Catalyst, the US-based think-tank, has just published a new report compiled from the responses of 700 respondents based in Europe at senior levels – 55 per cent of whom were women and 45 per cent men. The focus was on executives in large companies (60 per cent of the companies surveyed had 10,000 or more employees, and 85 per cent had a global scope).
Participating companies included American Express, BMO Financial Group, Chevron, Deloitte, Deutsche Bank, Ernst & Young, Hewlett-Packard, IBM, McDonald’s and UPS.
The survey opens:
Advancing in today’s business world is often as much about learning and playing by the rules as it is about demonstrating talent and delivering results. Some rules are explicitly stated in organisational handbooks and performance review procedures, or by senior leadership. But other rules are left implicit, unwritten — for employees to decipher on their own.
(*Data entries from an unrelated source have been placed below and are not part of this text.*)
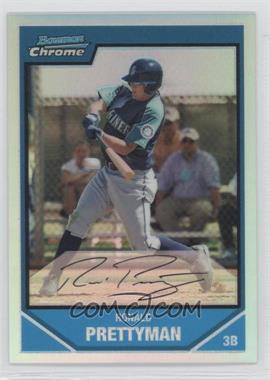 2007 Bowman Chrome - Prospects - Refractor #BC198 - Ronald Prettyman /500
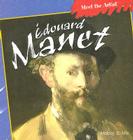 Édouard Manet (Meet the Artist) By Melody S. Mis Cover Image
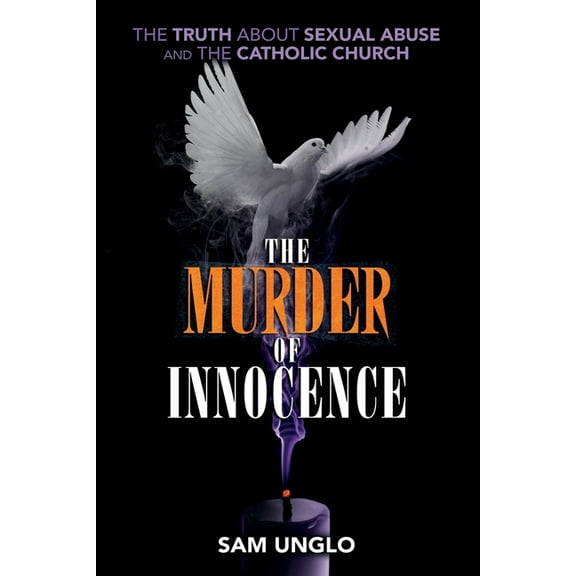 The Murder of Innocence: The Truth about Sexual Abuse and the Catholic Church, (Paperback)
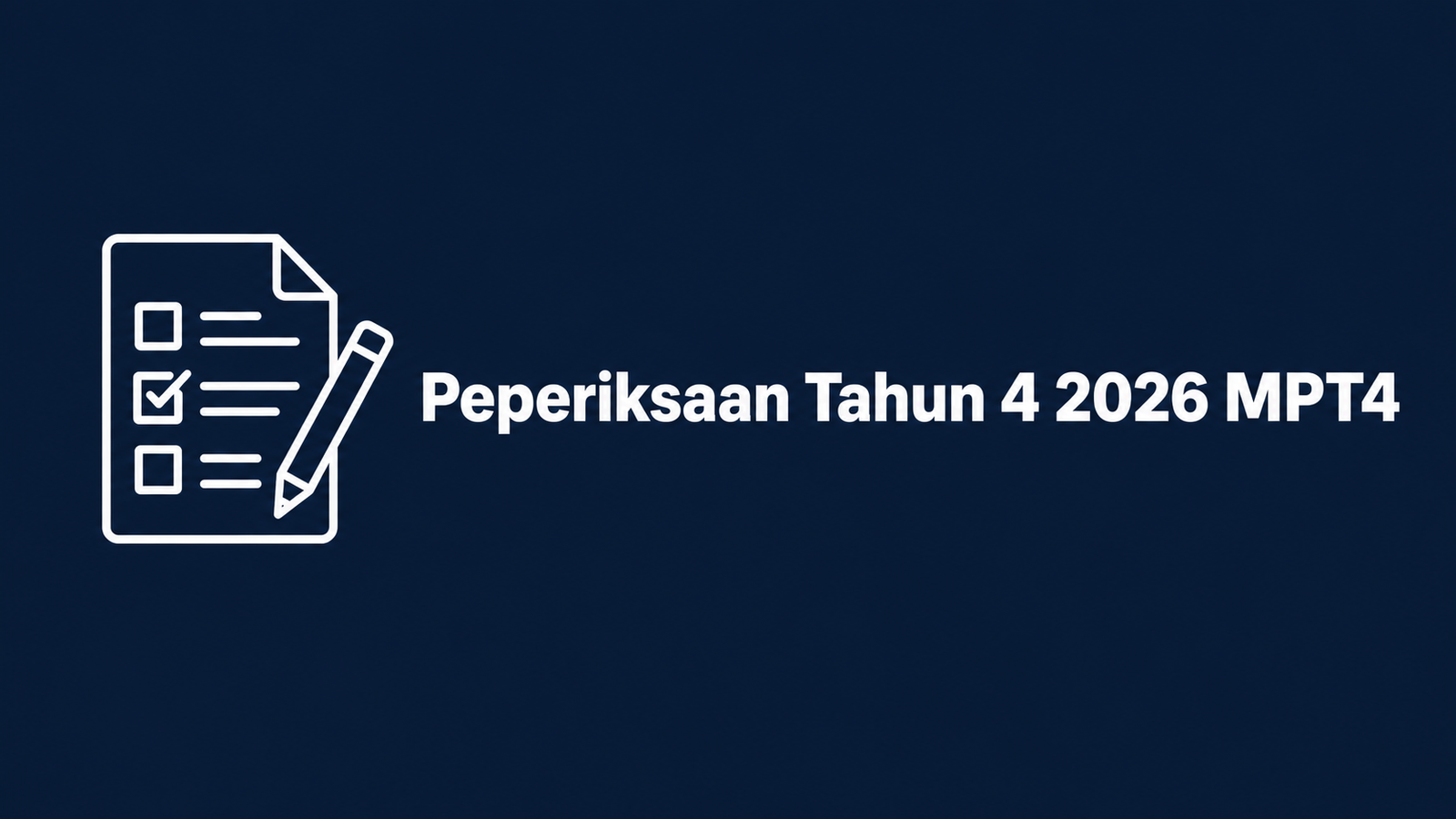 peperiksaan tahun 4 2026 mpt4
Unwritten rules are often more potent than written rules – and harder to access, especially for newcomers. The Catalyst research uncovers eight key unwritten rules to advancement, from building professional networks to putting in “face time” and ensuring visibility.
The main scoring strategy cited by women, which they wished they had focused on more, was to establish mentoring relationships with higher-level managers.
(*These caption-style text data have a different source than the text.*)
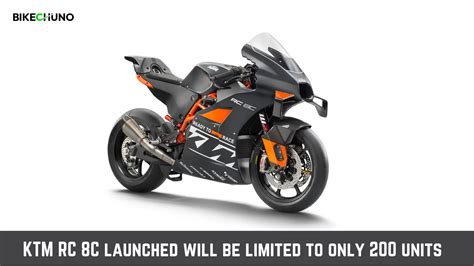 2023 Ktm Rc 8c Launched Will Be Limited To Only 200 Units Bikechuno
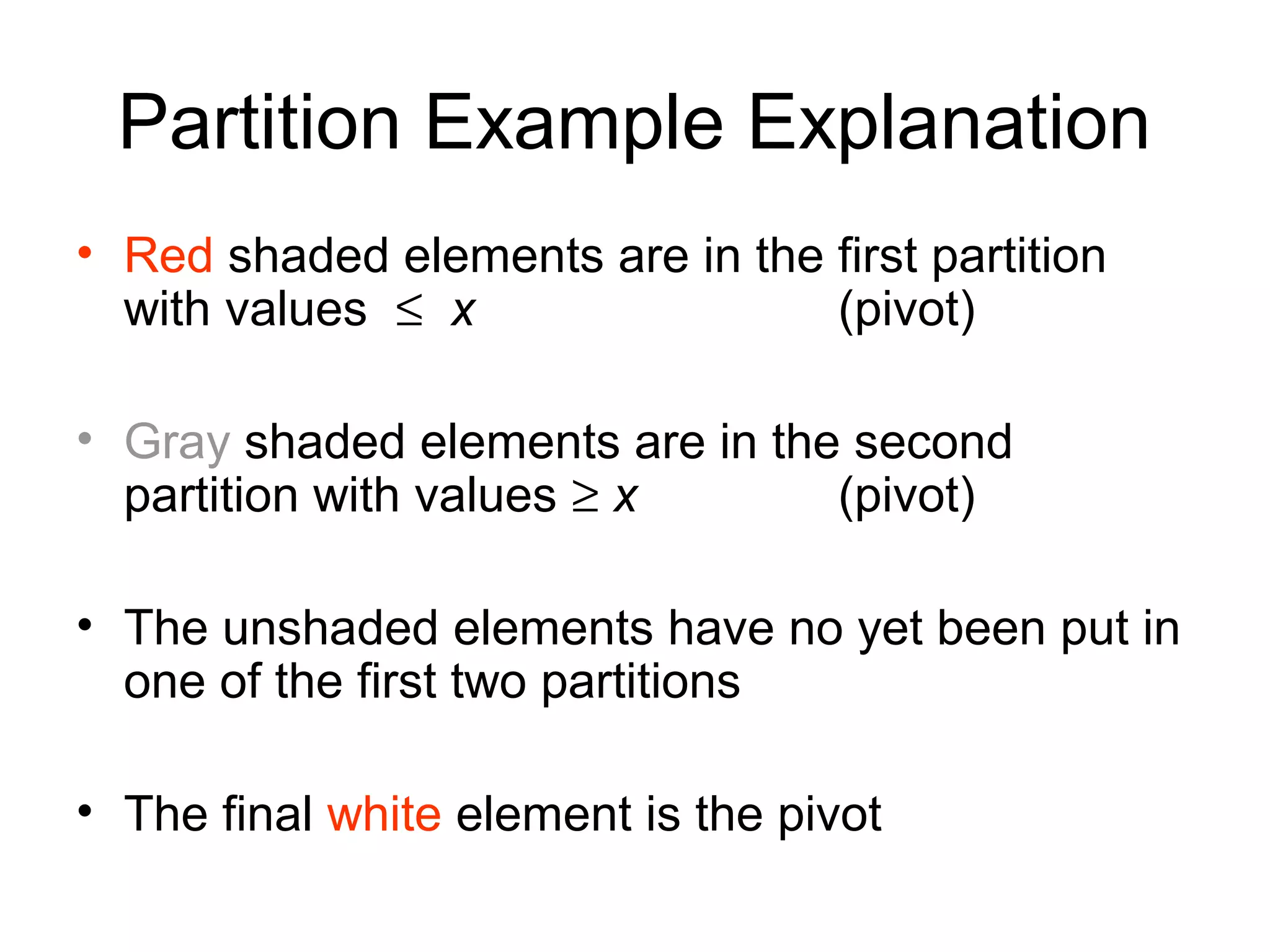 Partition Example Explanation • Red shaded elements are in the first partition with values ≤ x (pivot) • Gray shaded elements are in the second partition with values ≥ x (pivot) • The unshaded elements have no yet been put in one of the first two partitions • The final white element is the pivot 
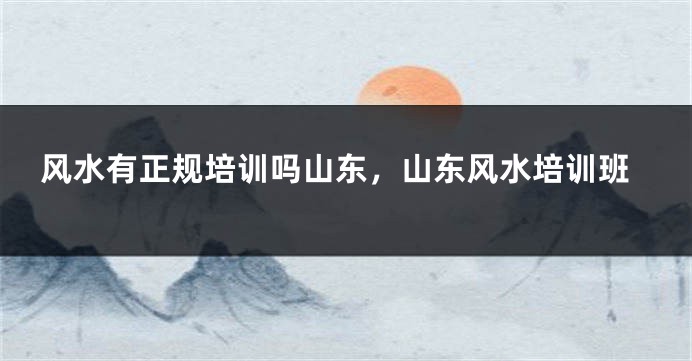 风水有正规培训吗山东，山东风水培训班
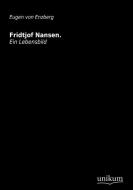 Fridtjof Nansen di Eugen von Enzberg edito da UNIKUM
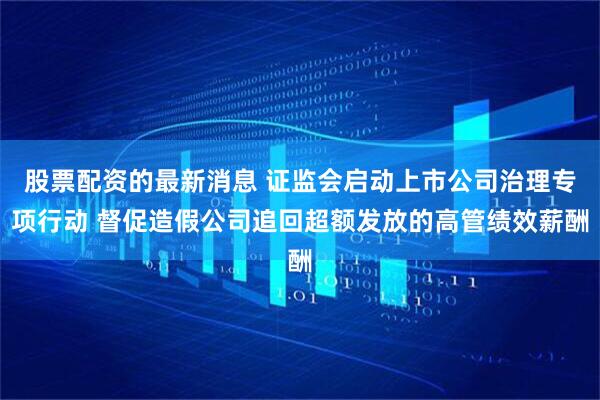 股票配资的最新消息 证监会启动上市公司治理专项行动 督促造假公司追回超额发放的高管绩效薪酬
What the survey revealed was a “subtle disconnect” between strategies that respondents rated as most important to advancement and those they actually adopted. So while they focused on time (hours worked) and performance (doing a great job), they rated career building (planning a career) and relationship building (leveraging networks) as at least as – if not more – important to career progress.
This survey echoes a number of other reports into winning strategies for women in the workplace that this blog has examined over the past few months.
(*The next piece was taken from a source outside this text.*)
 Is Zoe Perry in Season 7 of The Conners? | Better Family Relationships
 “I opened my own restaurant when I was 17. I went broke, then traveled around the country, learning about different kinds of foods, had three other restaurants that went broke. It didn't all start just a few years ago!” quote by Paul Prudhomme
Companies operate in similar ways to other human collectives, social groups or tribes. Newcomers to the group have to learn the grammar of behaviour by observation and occasional questioning of a trusted insider. Native speakers do not need to learn the grammar of the language they speak instinctively. These unwritten codes serve to bond the group together, in anthropological language, but are they always benevolent?
If getting on is all about being one of the boys – or girls – are we in danger of rewarding mediocrity and stifling innovation? More transparent measures of success are fairer and more likely to reward the real talent in an organisation, rather than the furniture.